_PROBLEM DESCRIPTION_
Return the data below exactly as given, except for the images.

_DATASET EXCERPT_
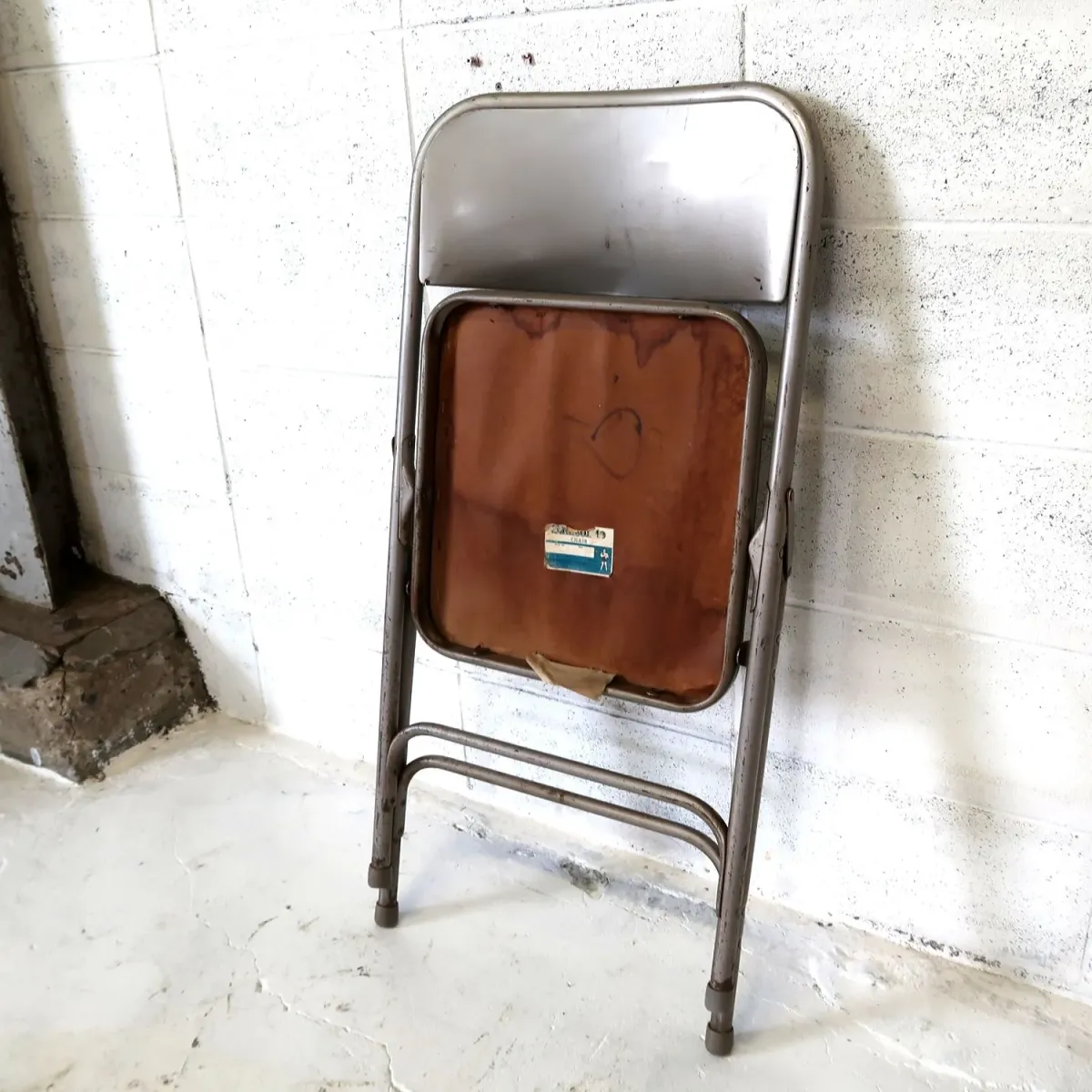 Samsonite ビンテージ フォールディングチェア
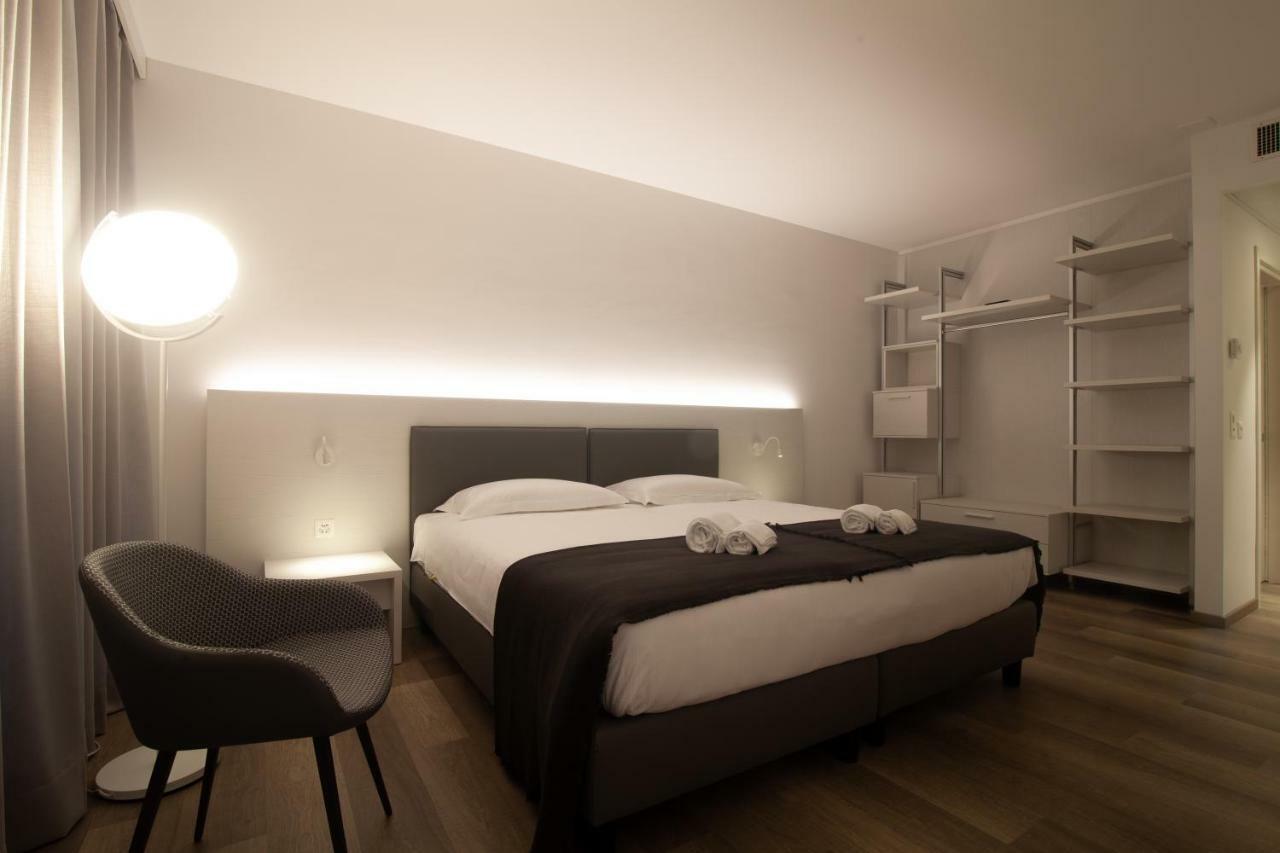 Hotel Albergo Milano Mendrisio Exterior foto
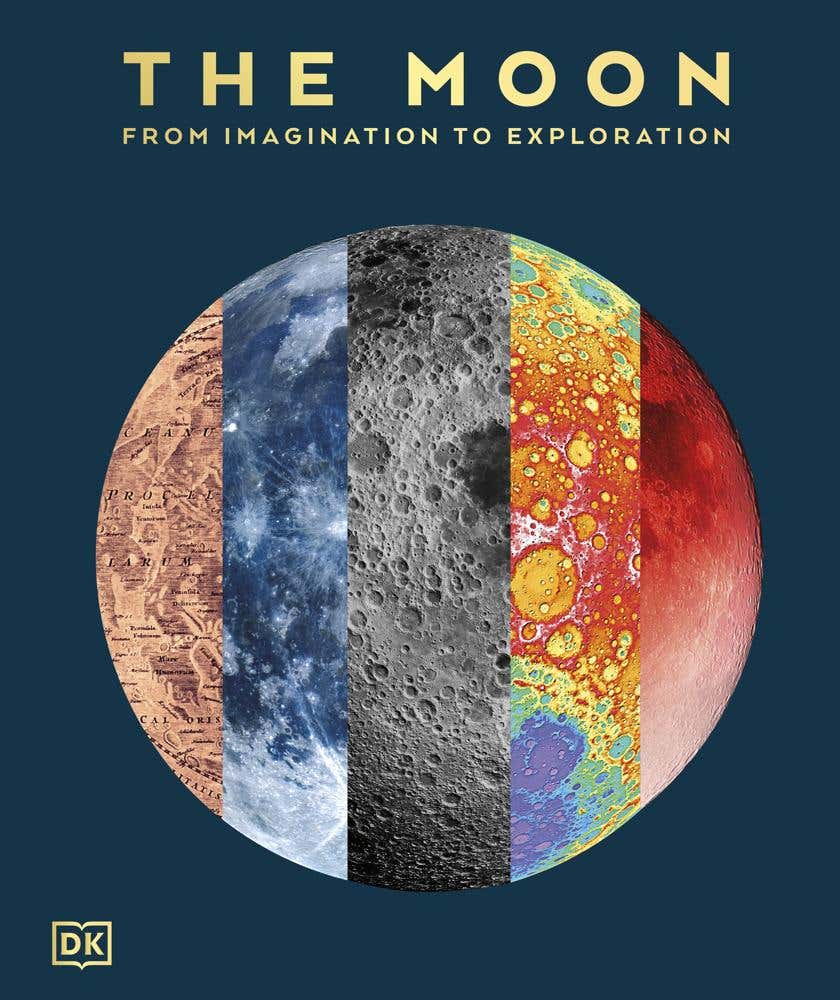 The Moon (from Imagination To Exploration)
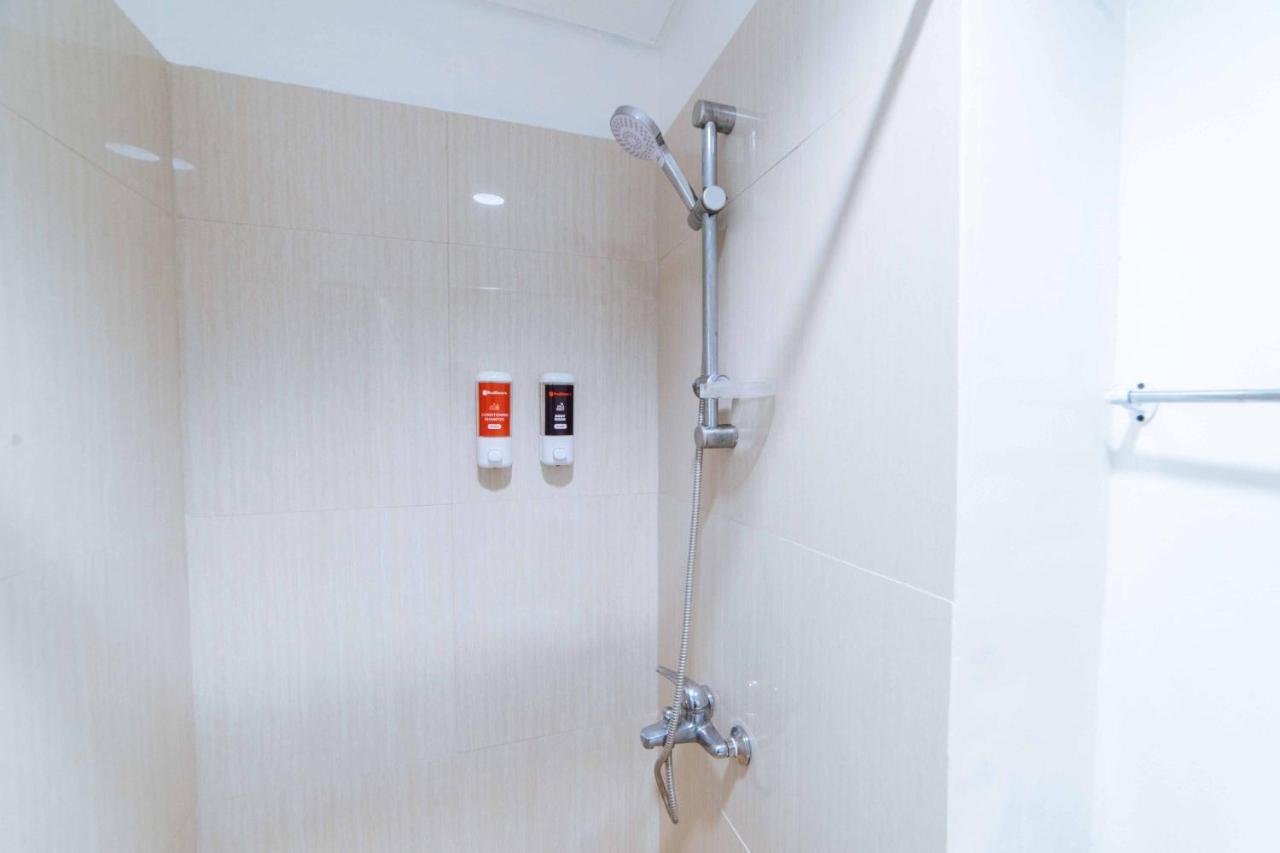 Reddoorz At Bel Air Soho Suites ماكاتي المظهر الخارجي الصورة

_EXPECTED ANSWER_
 Samsonite ビンテージ フォールディングチェア
 Hotel Albergo Milano Mendrisio Exterior foto
 The Moon (from Imagination To Exploration)
 Reddoorz At Bel Air Soho Suites ماكاتي المظهر الخارجي الصورة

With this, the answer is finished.